As técnicas de reprodução humana assistida não são novidades no mundo da ciência, mas estão sendo cada vez mais utilizadas na concretização do sonho da filiação. O avanço da Medicina é tamanho que nos permite a existência de uma multiparentalidade biológica. Assim, se antes estávamos acostumados a trabalhar com a multiparentalidade socioafetiva, por meio da construção de laços de afeto, hoje contamos com a multiplicidade de materiais genéticos na formação do projeto parental.

Existem distintas formas de haver material genético de mais duas pessoas na formação do ser humano, haja vista a existência de gestação por útero em substituição, ou mesmo a realização de transplante de útero, com casos de sucesso nos nascimentos desde 2014. Em tais técnicas, há troca de material genético entre mãe gestacional e bebê, assim como entre o útero transplantado (e sua carga genética) e o bebê.

Porém, situação mais vanguardista é do nascimento de um bebê com DNA de três pessoas, ante a realização da reprodução assistida com uso da técnica de tratamento de doação mitocondrial (MDT).

Para realizar o procedimento, os pesquisadores utilizaram dois óvulos: o da mãe original e o de uma doadora saudável. Eles retiram o núcleo do óvulo da mãe, portanto, sem as mitocôndrias, já que elas não ficam no núcleo, e reservam. Com o óvulo da doadora é feito o mesmo, mas o conteúdo retirado é destruído, sobrando apenas o óvulo com as mitocôndrias saudáveis.

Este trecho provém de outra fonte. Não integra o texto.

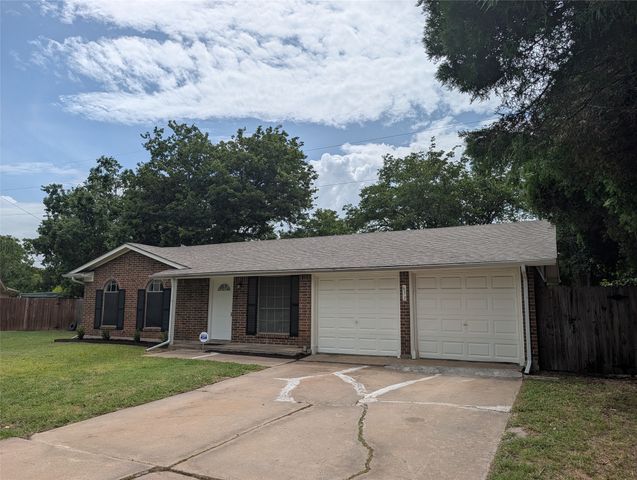 633 Christie Court, Everman, TX 76140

É inserido, então, o núcleo retirado do óvulo da mãe no óvulo da doadora. Esse óvulo, contendo material genético do pai e da mãe originais e mitocôndrias saudáveis da doadora, é implantado no útero da mãe. Como as mitocôndrias possuem seu próprio material genético, o bebê também herdará parte do DNA da doadora.

A técnica tem o objetivo de impedir que o bebê herde algumas doenças genéticas incuráveis, transmitidas pelo DNA mitocondrial. Atualmente, são conhecidos apenas 5 casos que fizeram uso da técnica, sendo que o primeiro bebê a nascer a partir do DNA de três pessoas foi registrado no México, em 2016.

É importante ressaltar, contudo, que a doadora deve permanecer anônima e não existe, no Brasil, legislação que trabalhe com a temática, sendo utilizada a orientação ética e deontológica das Resoluções do CFM para dirimir as questões provenientes da reprodução humana medicamente assistida.

A Resolução em vigor hoje é de nº 2320/2022, que permite a concretização do projeto familiar de distintas formas. Contudo, em breve poderemos estar diante de casos de reconhecimento de multiparentalidade biológica, sendo necessário o aperfeiçoamento profissional do advogado para lidar com a temática.

Sendo a Bioética a ciência que auxilia para orientação e solução de eventuais conflitos éticos e jurídicos sobre o tema, faz-se crucial o estudo de forma transversal ao Direito para que possamos acompanhar os avanços da ciência e garantir os direitos oriundos das novas filiações.

(*) Laura Affonso da Costa Levy é mestre em bioética e advogada familiarista.

(*) Melissa Telles Barufi é advogada familiarista e presidente Instituto Proteger.